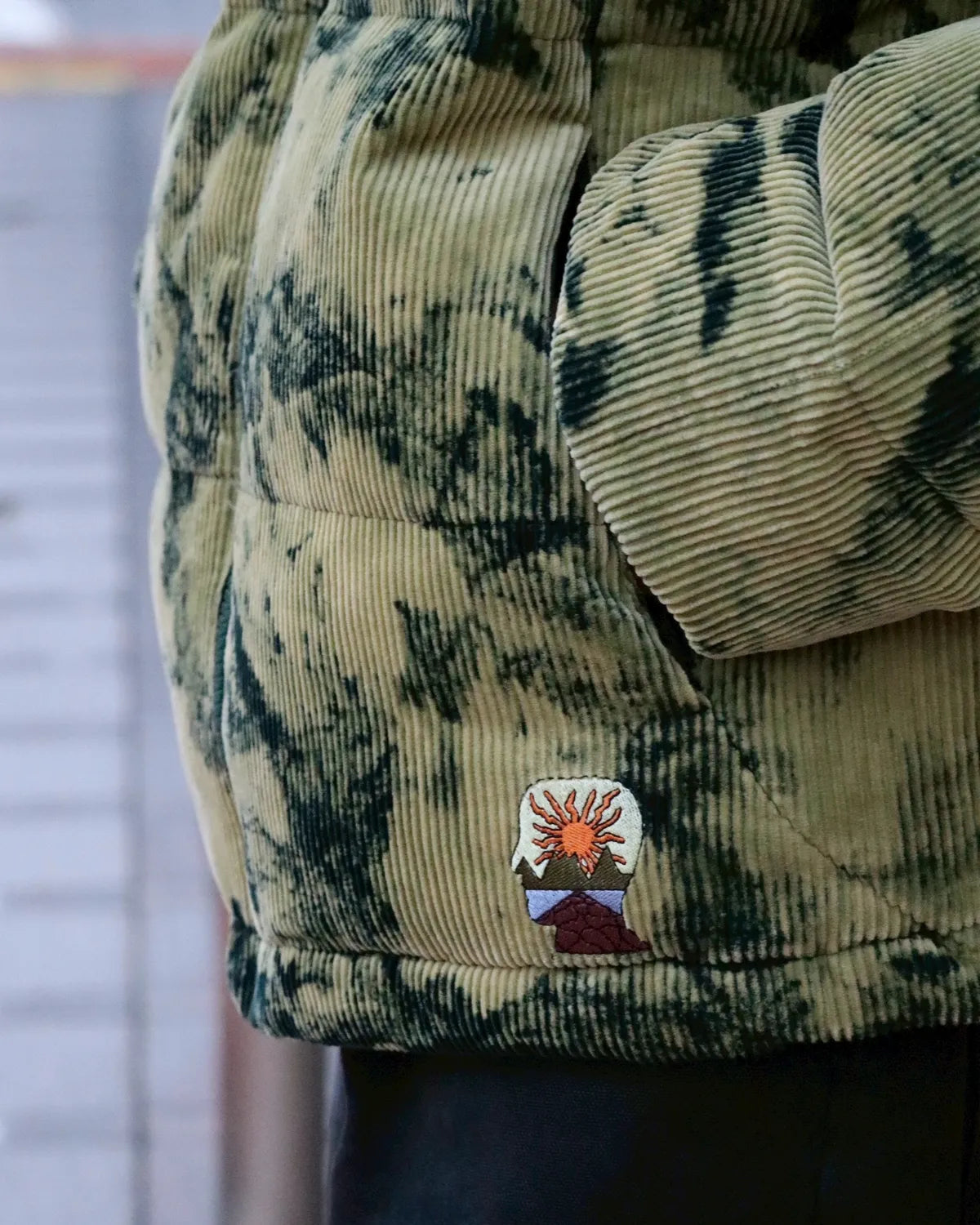 BRAIN DEAD / BLEACHDYED DIMENSION PUFFER JACKET (008004533FW25)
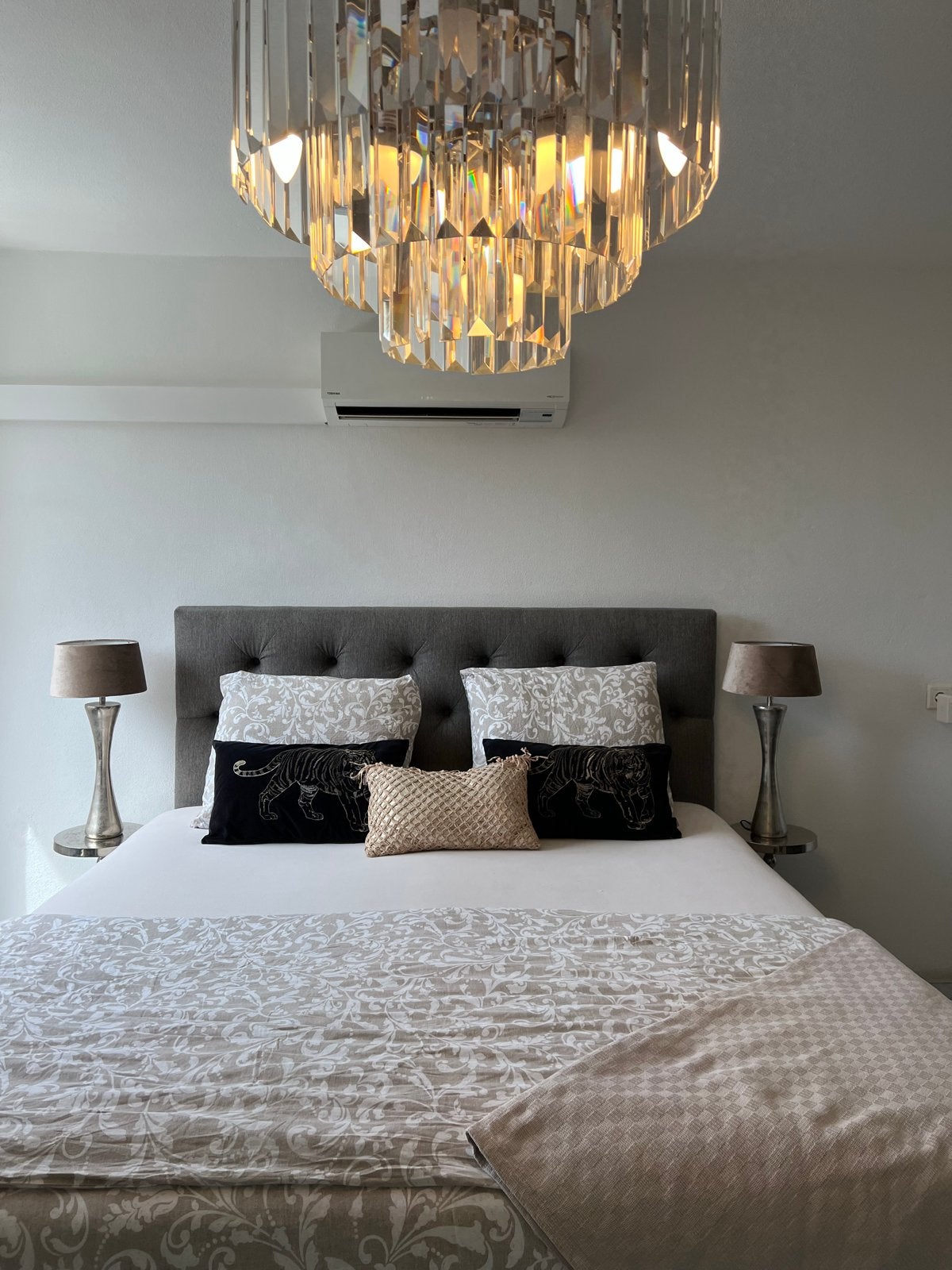 Grijze boxspring 180x200 - Zo goed als nieuw, Ophalen, Tweepersoons, Zo goed als nieuw, 180 cm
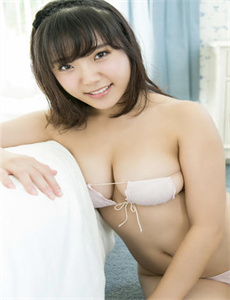 《国产丰满人妻AV》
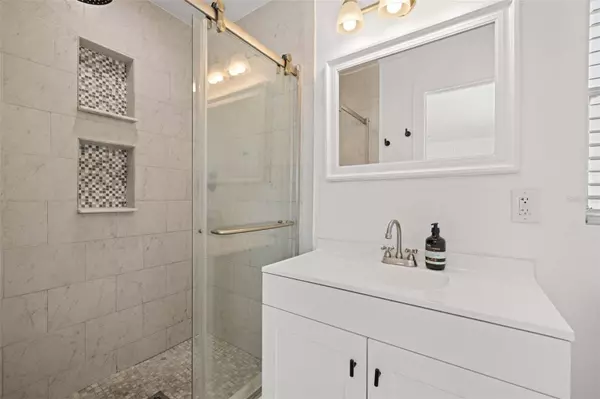 12718 N OREGON AVE, Tampa, FL 33612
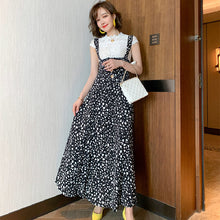 画像をギャラリービューアに読み込む, ホワイトレース透かし彫りブラウス&サスペンダーワンピーストッド柄シフォンワンピースセットアップ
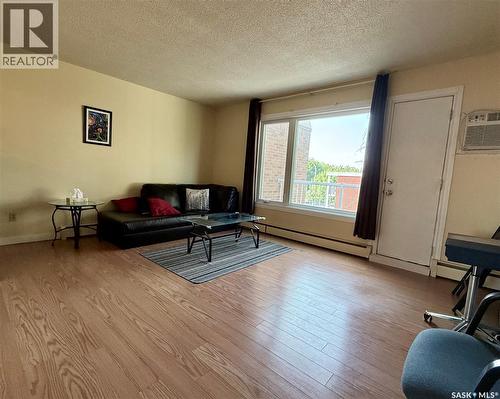 20 4505 Rae Street, Regina, SK - Indoor Photo Showing Living Room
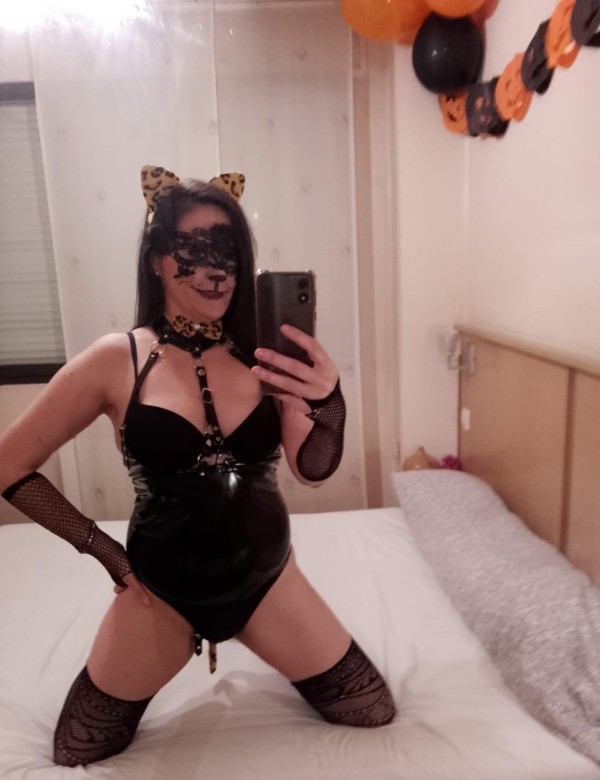 SOY TU DULCE PECADO. HOY ESTOY CON GANAS DE TODO. FOLLAME .. FIESTERA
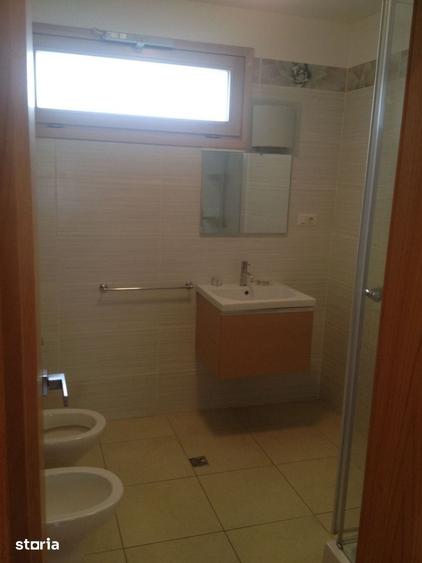 Casă cu 5 camere cu Teren 460 Mp în Central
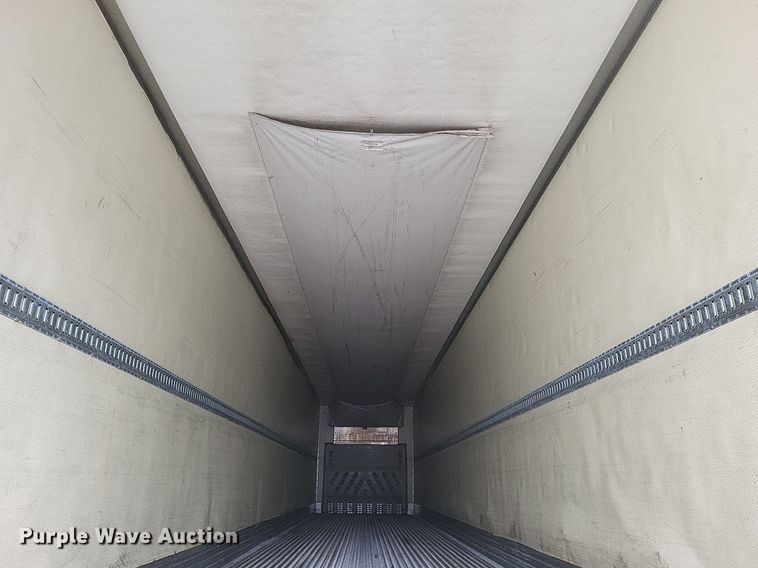 image for item DO4843 2008 Utility  3000R refrigerated van trailer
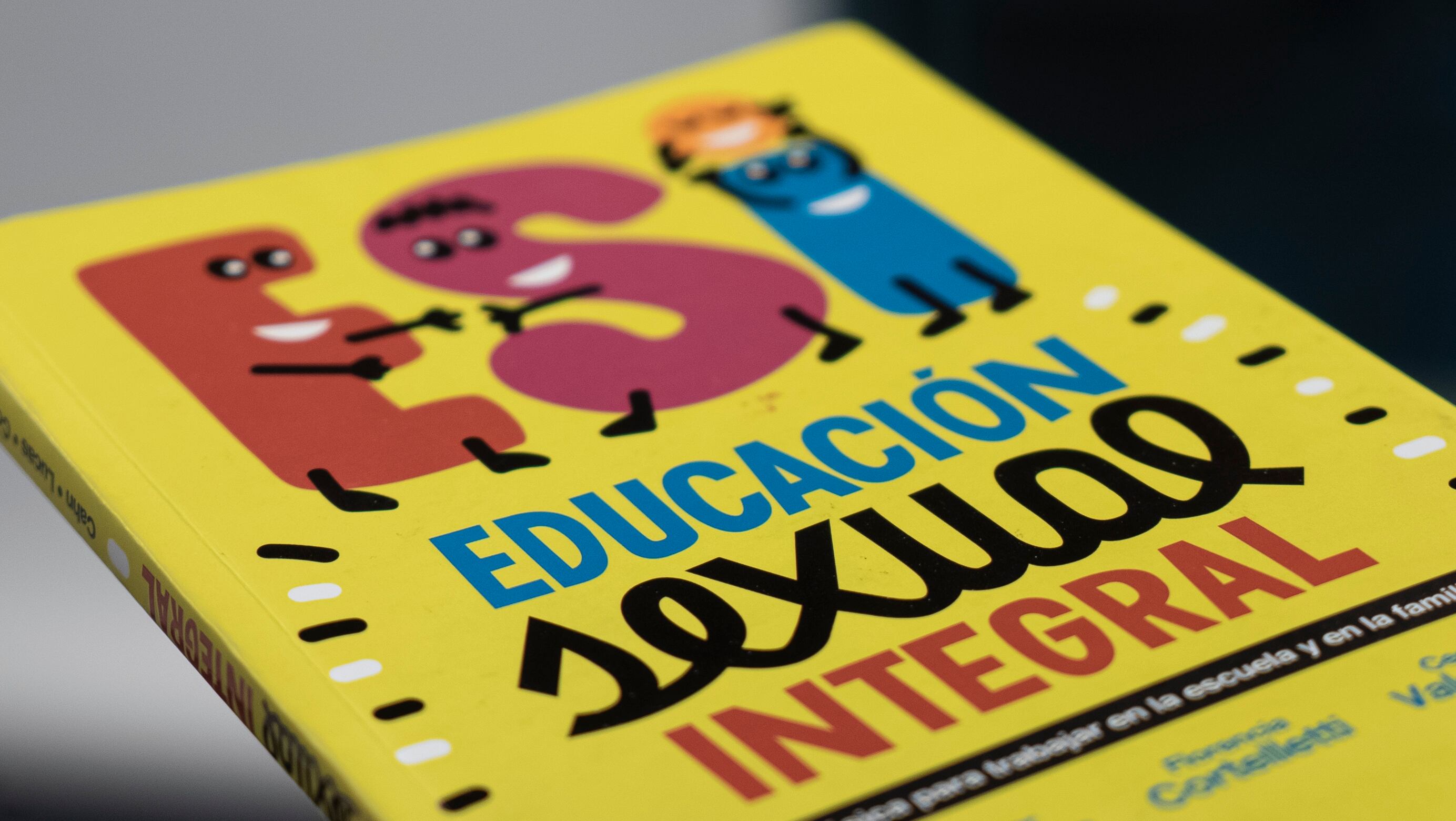 Los libros sobre ESI (como el de Mar Lucas y Leandro Cahn) generaron contenidos educativos para todas las edades (Crédito: Santiago Saferstein)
######
Your task is to set down exactly the lines that run from the line holding "12718 N OREGON AVE, Tampa, FL 33612" through the close of the entries, including both ends. Pictures stay out.

> [RESPONSE AREA]
 12718 N OREGON AVE, Tampa, FL 33612
 画像をギャラリービューアに読み込む, ホワイトレース透かし彫りブラウス&サスペンダーワンピーストッド柄シフォンワンピースセットアップ
 20 4505 Rae Street, Regina, SK - Indoor Photo Showing Living Room
 SOY TU DULCE PECADO. HOY ESTOY CON GANAS DE TODO. FOLLAME .. FIESTERA
 Casă cu 5 camere cu Teren 460 Mp în Central
 image for item DO4843 2008 Utility  3000R refrigerated van trailer
 Los libros sobre ESI (como el de Mar Lucas y Leandro Cahn) generaron contenidos educativos para todas las edades (Crédito: Santiago Saferstein)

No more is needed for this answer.